Today my husband and I are celebrating our 36th wedding anniversary! It’s hard to believe that it’s been that long. Raising our eight kids certainly has kept us busy, and made the time fly. We also have five grandchildren now, and as you have probably noticed on my Facebook page, I am LOVING the fact that our newest granddaughter is in town! (That’s a first for us.)
When we said our vows thirty-six years ago, we promised God that we would remain faithful to each other in the following circumstances: in sickness and health, if richer or poorer, and in good times and bad. Blissful at the marriage altar, we didn’t really think things would EVER be bad! Yet we have definitely faced those things in our marriage. There have been times of sickness, times of “poorer” (more often than richer!), and some bad times mixed in with the good. We have had our struggles and challenges, as all couples do. What helped us through those hard times?
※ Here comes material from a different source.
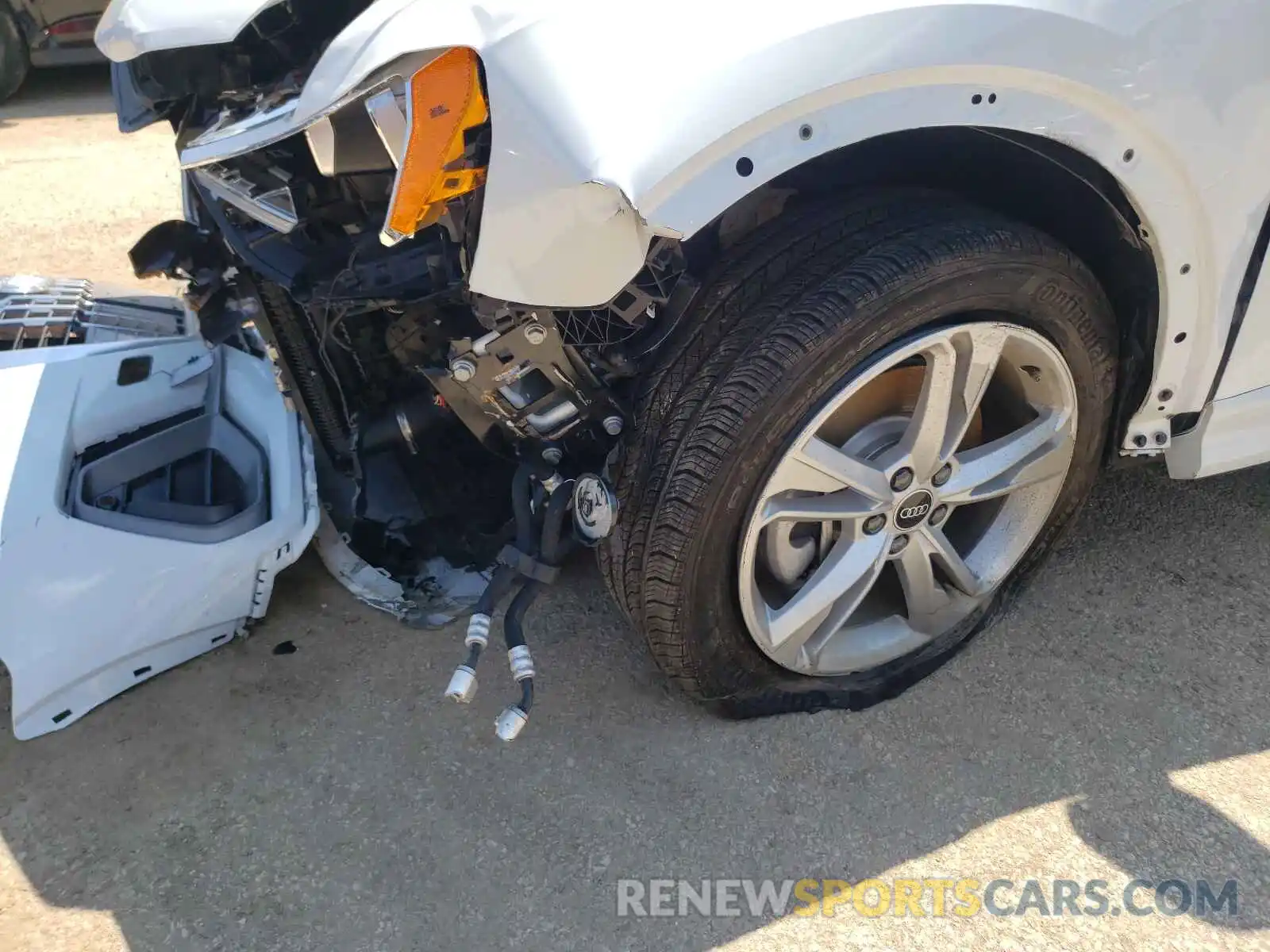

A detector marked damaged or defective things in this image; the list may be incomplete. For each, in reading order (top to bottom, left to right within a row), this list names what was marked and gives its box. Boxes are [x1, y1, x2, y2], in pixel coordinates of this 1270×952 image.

detached bumper piece [0, 274, 316, 736]
damaged front end [32, 0, 695, 736]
Practicing TWO KEY ACTIONS have helped us in our marriage.
My husband made that his motto, and as a reminder he posted the key word in a few places where we see it often. Thought the reminders were posted for him, they also helped me! When I am irritated about something that I think he should or shouldn’t have done, I see the little note with the word “YIELD” on it. It quickly reminds me that rather than focusing on “my rights”, I need to yield those rights to God, and let go of my expectations. When we don’t see eye to eye on things, he chooses to yield. This isn’t easy, but it has been key for us in our marriage!
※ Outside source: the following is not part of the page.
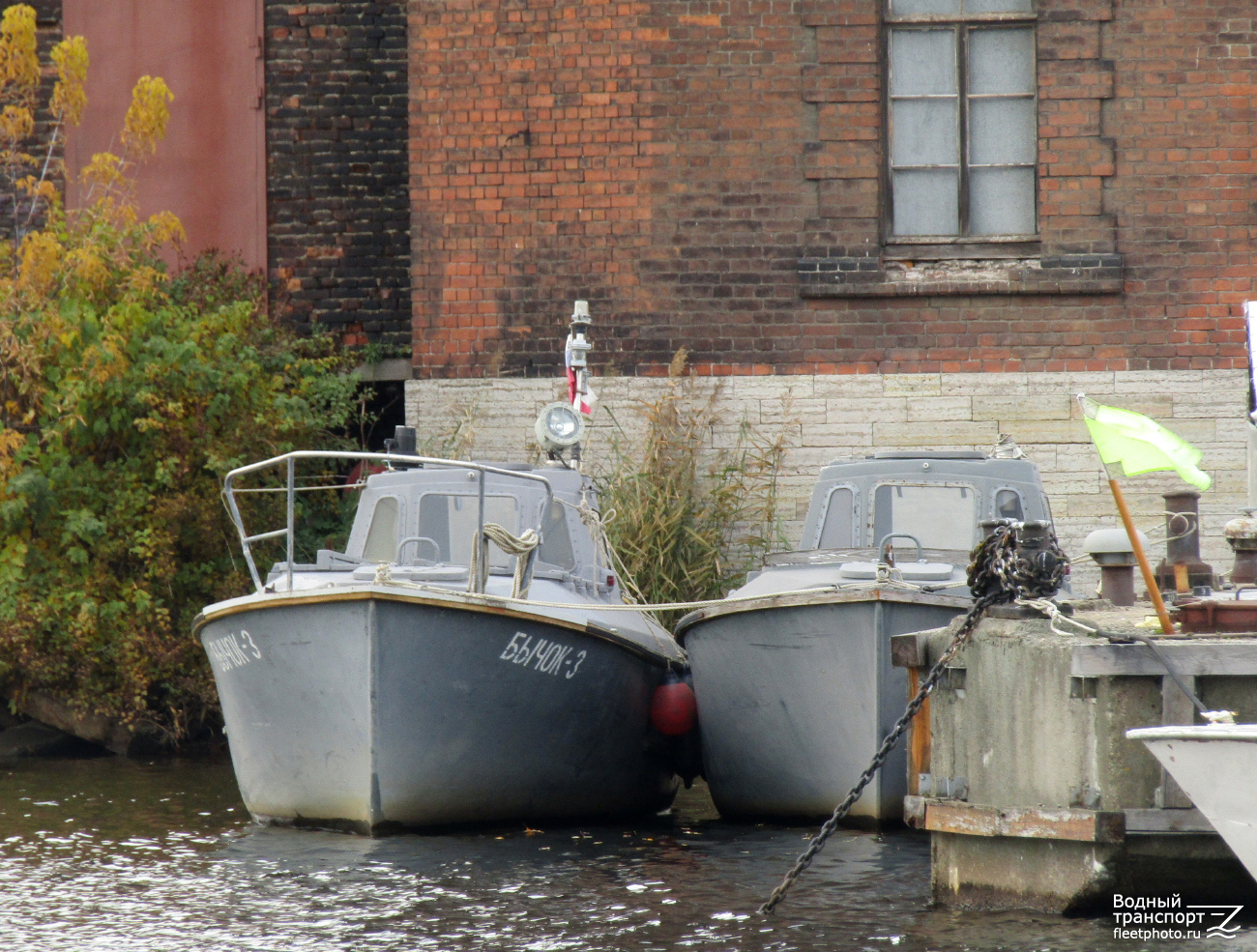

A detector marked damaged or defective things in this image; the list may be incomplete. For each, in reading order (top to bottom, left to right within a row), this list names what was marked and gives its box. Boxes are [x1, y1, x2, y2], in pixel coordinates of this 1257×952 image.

rusty chain link [759, 522, 1066, 919]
Love is actually a choice, an act of the will. Often we confuse that with our feelings, and think that we don’t love our spouse any more. The truth is that on some days I don’t “feel the love”. However, I choose to love regardless of how I feel, and then I act on it, because I know it is the right thing to do.
Recently I was doing something that my husband didn’t really like. When I realized it and apologized, he said, “At first I started to get mad about it, but then I decided that instead I would just choose to love you more.” I love the fact that he CHOSE to overlook it, and CHOSE to love instead of getting angry or resentful. How many marriages would be saved if we followed that philosophy?!
Give those expectations to God, yield “your rights”, and CHOOSE to love. These actions will make for a long and happy marriage!